- Supplied information:
----------

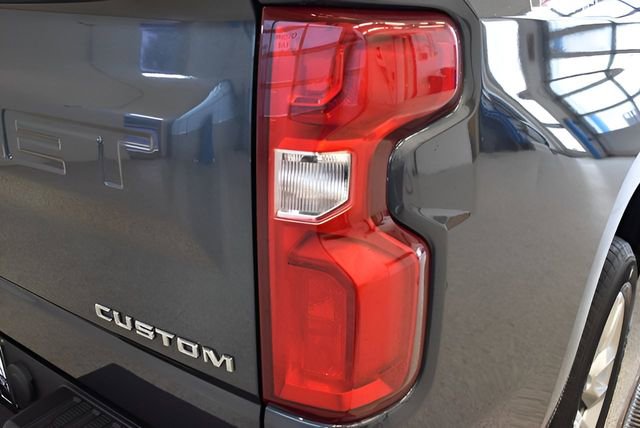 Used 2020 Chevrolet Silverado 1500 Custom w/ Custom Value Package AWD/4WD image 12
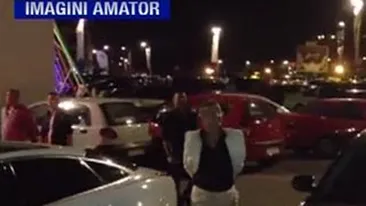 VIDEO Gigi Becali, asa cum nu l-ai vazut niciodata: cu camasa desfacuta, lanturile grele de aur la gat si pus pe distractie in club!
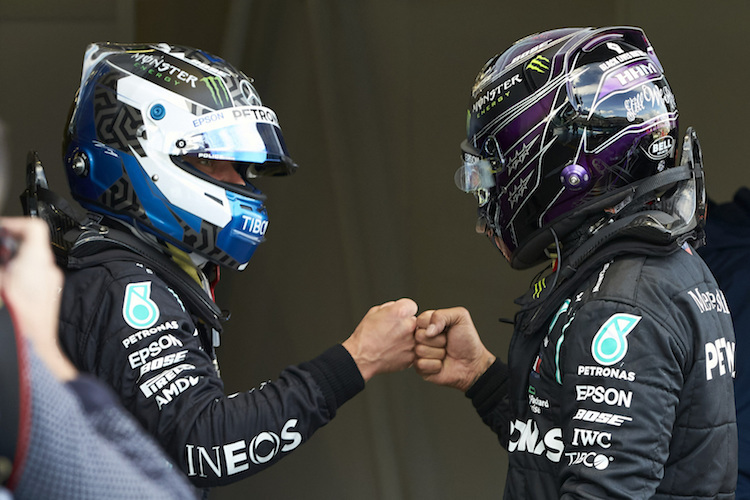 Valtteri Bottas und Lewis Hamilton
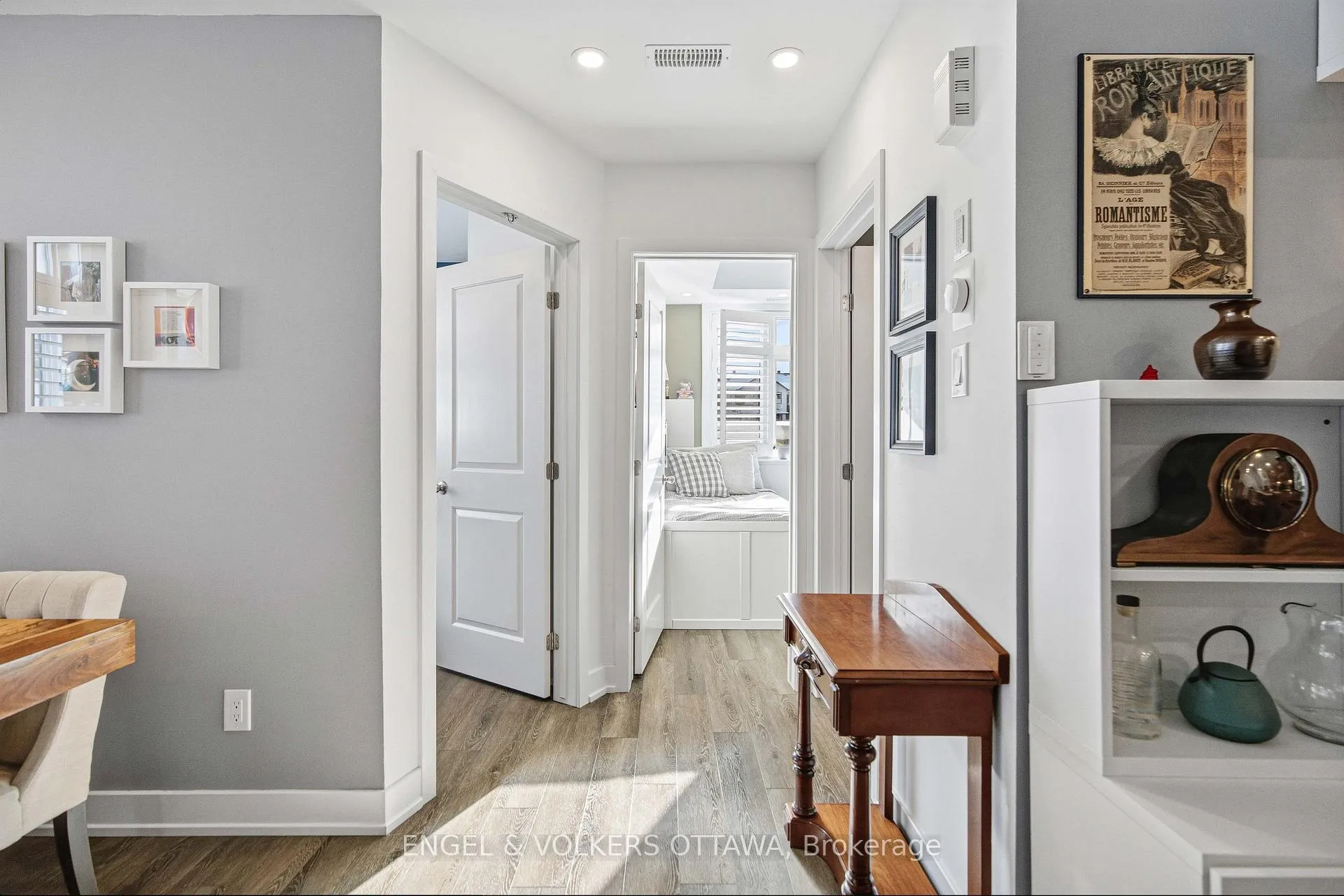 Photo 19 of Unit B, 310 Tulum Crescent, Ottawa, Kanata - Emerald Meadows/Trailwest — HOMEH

----------

- About this task: Your copy of the data should match it exactly, apart from the images, which are omitted.

- Result of this exercise:
 Used 2020 Chevrolet Silverado 1500 Custom w/ Custom Value Package AWD/4WD image 12
 VIDEO Gigi Becali, asa cum nu l-ai vazut niciodata: cu camasa desfacuta, lanturile grele de aur la gat si pus pe distractie in club!
 Valtteri Bottas und Lewis Hamilton
 Photo 19 of Unit B, 310 Tulum Crescent, Ottawa, Kanata - Emerald Meadows/Trailwest — HOMEH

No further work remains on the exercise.